On sait très peu de choses sur Luiz José Maria de Oliveira. Les quelques brefs passages dans les journaux nous permettent de dresser un portrait incomplet de cet homme, qui fut musicien, lithographe, commerçant et coiffeur.
Sa seule œuvre musicale connue est “O Conimbricense Armónico”, un périodique publié en 26 numéros entre 1848 et 1849 dans la ville de Coimbra, lithographié et édité par lui-même. Cette collection constitue l’un des rares exemples de compositions pour la guitare a six cordes simples (appellé viola francesa)au Portugal au cours du 19ème siècle.
O Conimbricense Armónico/ Períódico de Muzica/ que contem alternadamente/
Simphonias, Variações, Caprichos, Fantasias,/Pot-pourris, Arias, Cavatinas, Cabaletas,Rondos,
Contradanças e Waltzs Etcª/ Arranjadas/
PARA VIOLA FRANCEZA/por/L.J. M. Oliveira/Coimbra/
Lith de LJM Oliveira/1ª Epoca Nº
Cette collection est conservée – bien qu’incomplète – à deux endroits : à la Bibliothèque Municipale de Coimbra (BMC), et à la Bibliothèque de l’Université de Las Palmas de Gran Canaria (ULPGC). Il y a dix numéros à la BMC (à l’exception de trois doubles) et onze à l’ULPGC. Ils coïncident à l’exception de deux numéros. Le volume relié de l’ULPGC provient de la collection du bibliophile portugais Annibal Fernandes Tomaz (1849-1911) et a été acquis plus tard par le musicologue espagnol Lothar Siemens (1941-2017). Il reste donc douze numéros sur un total possible de 26, d’après les notes manuscrites figurant sur les copies chez BMC.

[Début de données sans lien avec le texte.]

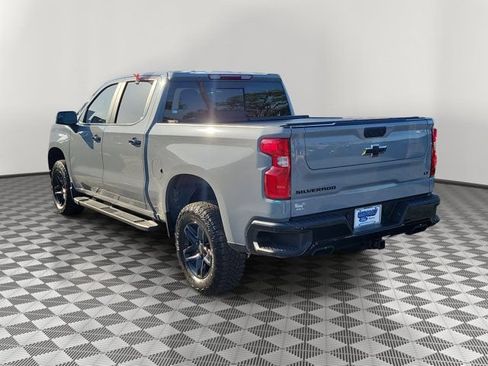 Used 2024 Chevrolet Silverado 1500 LT Trail Boss w/ Convenience Package II AWD/4WD image 4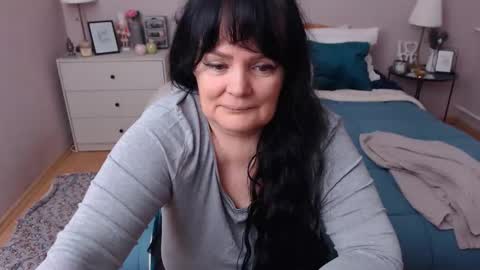 Mary online show from December 18, 1:28 pm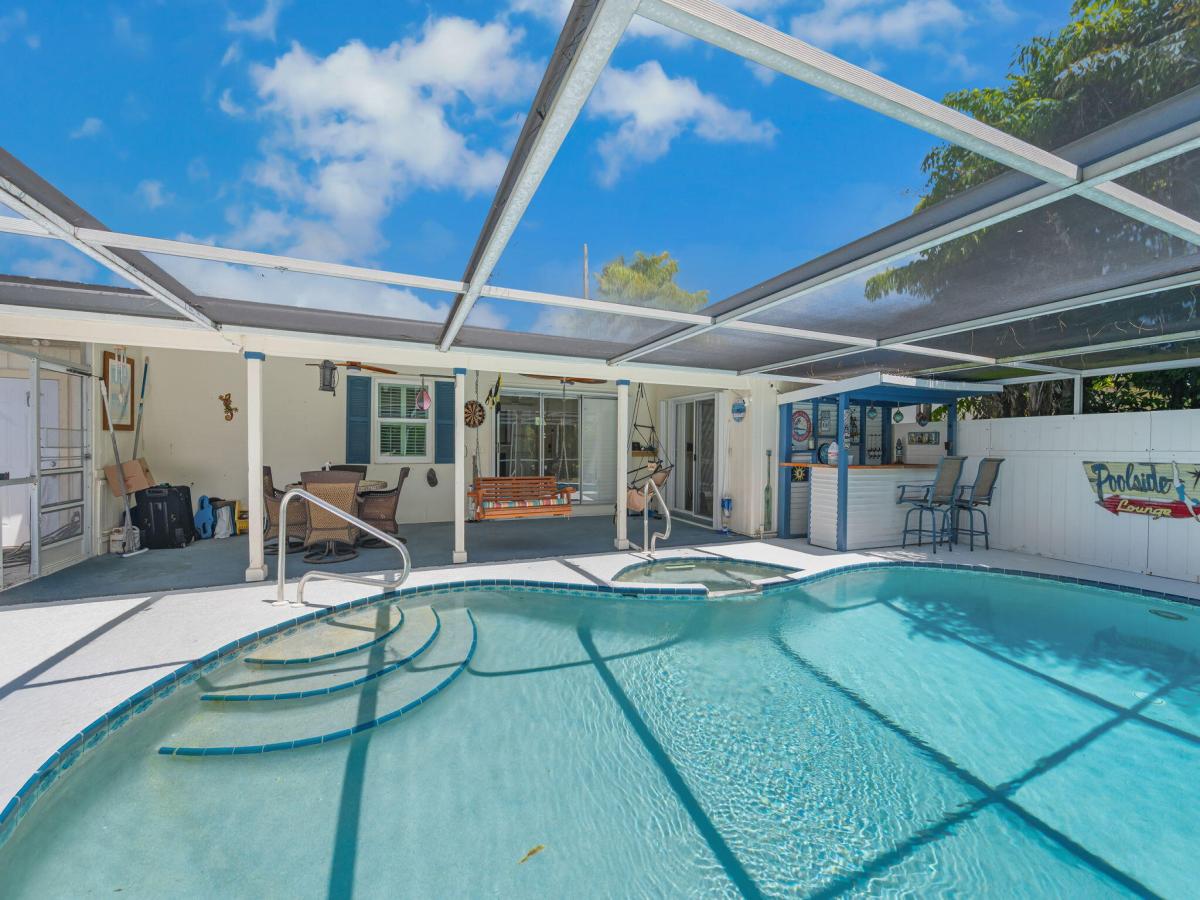 MLS #RX-11129443 image #0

Les données biographiques dont nous disposons sur Luiz Oliveira ont été obtenues en juin 2024 en consultant les registres paroissiaux, sur la base de deux périodes : la publication de “O Conimbricense Armónico” en 1848/1849 et un article paru en 1870 dans le journal “O Conimbricense”, concernant la fondation de la Sociedade Dramática Musical, qui mentionne Oliveira comme “membre exécutant” de son orchestre1. Étant donné l’emplacement de son domicile, la paroisse la plus probable pour rechercher son acte de décès est São Bartolomeu, et c’est effectivement là qu’il se trouve2.Selon le registre, Luiz Oliveira est décédé le 15 septembre 1883.Son lieu de naissance est Luso (né le 9 septembre 1821)3, ainsi que sa profession de coiffeur et les noms de ses parents et de son épouse.
Le journal “O Conimbricense” du 18 septembre 1883 rapporte la mort de Luiz José Maria Oliveira, en mentionnant non seulement sa profession de coiffeur et sa vie civique, mais surtout son talent musical, en mentionnant en détail la publication du “O Conimbricense Armónico“.
Le salon de coiffure de Luiz Oliveira, situé dans la principale rue commerçante de la ville, était aussi un lieu où il vendait des partitions, des méthodes et des instruments, ainsi que diverses revues. C’était aussi sa résidence et l’endroit où il donnait ses cours de musique.

19 Mars 1859
L’activité professionnelle de Luiz José Maria de Oliveira en tant que lithographe est également documentée par des annonces dans les journaux pour une publication musicale appelée Recreio Musical Conimbricense (1852), avec des œuvres pour piano, ainsi que par l’offre de divers services de lithographie (1856).
Malgré cette information, on ne sait rien – à ce jour – de son apprentissage et de sa carrière musicale, mais nous pouvons supposer, d’après l’analyse de ses compositions et arrangements, qu’il a reçu une bonne éducation musicale et qu’il a eu accès à la musique pour guitare de maîtres tels qu’Aguado et Carulli3. L’édition de O Conimbricense Armónico fait preuve d’attention aux détails graphiques, les fautes de frappe sont rares, facilement détectables et corrigibles à partir du contexte harmonique. La calligraphie est propre et les exemples musicaux, avec leur séparation claire des voix, impliquent une connaissance des règles harmoniques et de la composition4.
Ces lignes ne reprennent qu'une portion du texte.